Sarley has been known to depict women's sexuality through her artwork, specifically her "food porn" videos and photography. Sarley states, "My work is about representing raw femininity in the arts." Regarding Instagram's removal of her page and photos, Sarley has stated "Removing my photos from social media has given my art an extra dimension. It has become a form of protest. " Sarley views vaginas as "the centre of life" and believes that shouldn't be viewed "as a threat, something to censor, or exploit."

On recalling the creation of her first fruit video, Sarley described it as "a spontaneous primal urge". As the series went on, the films began to inspire countless copycats.

Sarley's work is best recognized by multiple illustrative constructs. Some examples are the "crotch monsters", anthropomorphized vulvae, the "orcunts": part orchids, part vaginas, and the fruit art videos.

Sarley's artwork deals with issues surrounding sexism, censorship, and women's empowerment.

==Publications==
In 2013, Sarley published the adult coloring book Dick Dog And Friends which had been distributed via the Last Gasp.

Several publications have featured Sarley's art including Hatezine, art Das Kunstmagazin, and Elle Brazil. Sarely's art has also appeared in the "munchies" section of Vice Magazine.

In 2016 Artsy magazine recognized Sarley as one of the "8 Women Who Turned Food into Feminist Art."

==Reception==
Sarley has been referred to as the "patron saint of vagina drawings." Critics have compared her work to Gustave Courbet, Egon Schiele, Georgia O'Keeffe. Betty Tompkins, Andy Warhol, and Joan Semmel. Noted art critics have praised her videos, some calling it "Genius," in print and online.

Sarley's Instagram account has been disabled numerous times for "sexually explicit content" regarding her fruit videos. Sarley struggled with copyright over her original clips, and received negative comments from followers over the explicit nature of her work. After informing Instagram about this, the company shut down her account over its “sexually suggestive” content. Her account has been restored due to community pressure on instagram.

Miley Cyrus was accused of plagiarizing Sarley's work in promotional videos for her EP, She Is Coming. The media recognized that the promotions were a copy of Sarley's "fruit porn". Sarley, however, has not been contacted by Cyrus or any Cyrus representatives.

== Feminism ==
Sarley believes that women "haven’t been represented in the arts and now it’s just normalized." Sarley states that "[her] art challenges the gender confines men and women have to deal with."
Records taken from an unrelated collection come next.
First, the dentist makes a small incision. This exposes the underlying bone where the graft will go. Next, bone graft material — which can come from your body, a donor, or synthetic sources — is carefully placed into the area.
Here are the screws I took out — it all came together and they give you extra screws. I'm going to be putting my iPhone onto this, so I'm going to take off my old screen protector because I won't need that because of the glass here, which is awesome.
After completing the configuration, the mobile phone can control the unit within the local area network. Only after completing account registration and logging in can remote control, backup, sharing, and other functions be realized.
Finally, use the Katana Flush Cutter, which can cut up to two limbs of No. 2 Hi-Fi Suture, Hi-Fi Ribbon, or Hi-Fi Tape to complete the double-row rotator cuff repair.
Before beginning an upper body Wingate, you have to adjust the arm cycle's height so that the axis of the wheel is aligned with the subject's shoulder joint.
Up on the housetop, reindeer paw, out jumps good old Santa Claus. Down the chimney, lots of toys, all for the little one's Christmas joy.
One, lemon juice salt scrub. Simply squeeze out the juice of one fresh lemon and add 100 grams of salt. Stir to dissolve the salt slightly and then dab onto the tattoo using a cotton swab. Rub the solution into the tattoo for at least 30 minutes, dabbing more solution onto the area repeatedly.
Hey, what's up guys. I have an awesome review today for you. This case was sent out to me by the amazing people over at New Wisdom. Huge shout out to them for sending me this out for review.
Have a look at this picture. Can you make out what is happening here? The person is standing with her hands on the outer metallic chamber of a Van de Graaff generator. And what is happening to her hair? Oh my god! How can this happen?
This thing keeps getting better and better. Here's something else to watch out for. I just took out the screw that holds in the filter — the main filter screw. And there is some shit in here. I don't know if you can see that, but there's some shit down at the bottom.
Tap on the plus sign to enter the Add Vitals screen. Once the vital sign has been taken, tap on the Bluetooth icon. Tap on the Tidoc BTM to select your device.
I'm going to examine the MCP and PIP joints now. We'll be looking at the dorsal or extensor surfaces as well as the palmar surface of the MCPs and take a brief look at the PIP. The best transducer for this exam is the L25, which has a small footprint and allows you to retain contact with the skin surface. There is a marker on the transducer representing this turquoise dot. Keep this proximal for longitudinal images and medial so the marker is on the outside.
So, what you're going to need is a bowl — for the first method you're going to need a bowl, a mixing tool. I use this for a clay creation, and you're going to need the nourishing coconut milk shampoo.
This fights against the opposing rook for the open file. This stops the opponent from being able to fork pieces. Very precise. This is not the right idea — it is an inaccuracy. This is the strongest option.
One of Sarley’s recent group exhibitions at the Museum Der Dinge in Berlin featured work that explored “modern-day feminism and how that translates into sexuality and personal agency."

==In popular culture==
- The controversy surrounding her Instagram was mentioned in Harper's Magazines weekly review for March 15, 2016.
- Sarley's fruit art was featured on several Canal+ French television shows including L'Émission d'Antoine.
- Cosmopolitan named Sarley as one of the Twenty Best Vagina Moments of 2016.
- Calvin Klein has been noted for being heavily influenced by Sarley's work in one of their advertisement series.
- Loewe's spring/summer campaign of 2017, photographed by Steven Meisel is recognized for being in the style of Sarley's work.